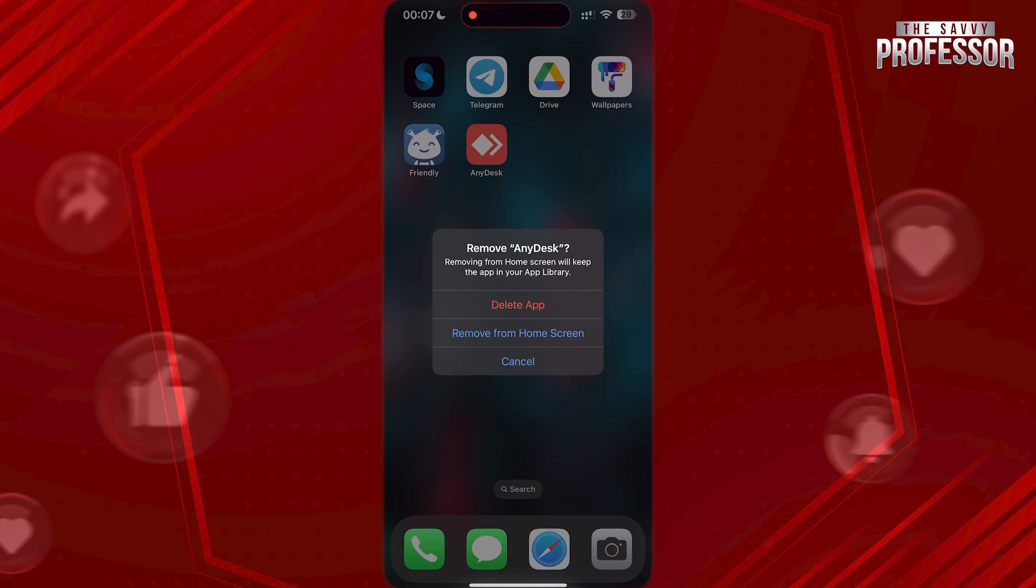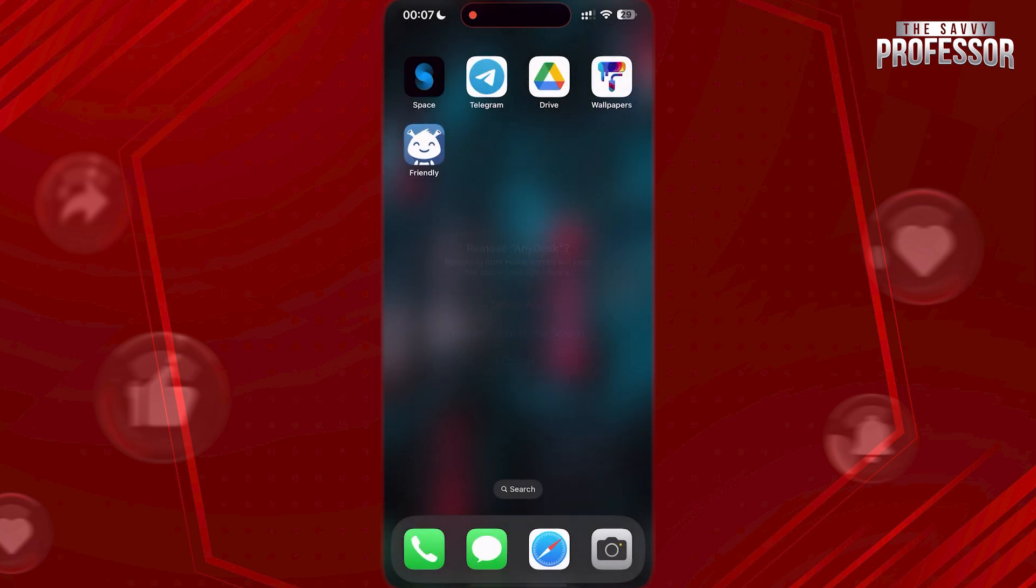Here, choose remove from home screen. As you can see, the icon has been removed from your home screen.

--------------------

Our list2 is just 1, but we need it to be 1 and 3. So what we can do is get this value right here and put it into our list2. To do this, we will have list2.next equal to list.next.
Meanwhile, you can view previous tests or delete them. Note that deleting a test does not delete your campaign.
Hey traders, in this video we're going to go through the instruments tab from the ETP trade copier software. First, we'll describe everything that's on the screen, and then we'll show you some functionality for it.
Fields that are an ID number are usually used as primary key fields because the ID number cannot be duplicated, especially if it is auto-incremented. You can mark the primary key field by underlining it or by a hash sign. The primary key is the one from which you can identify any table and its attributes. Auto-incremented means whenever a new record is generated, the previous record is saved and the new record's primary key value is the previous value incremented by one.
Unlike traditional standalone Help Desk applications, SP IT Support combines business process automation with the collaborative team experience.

--------------------

● WHAT YOU HAVE TO DO
In the material above, locate the line containing "Our list2 is" and the line containing "Meanwhile, you can". Transcribe exactly those two lines and every line between them, and nothing more.

● TASK RESULT
Our list2 is just 1, but we need it to be 1 and 3. So what we can do is get this value right here and put it into our list2. To do this, we will have list2.next equal to list.next.
Meanwhile, you can view previous tests or delete them. Note that deleting a test does not delete your campaign.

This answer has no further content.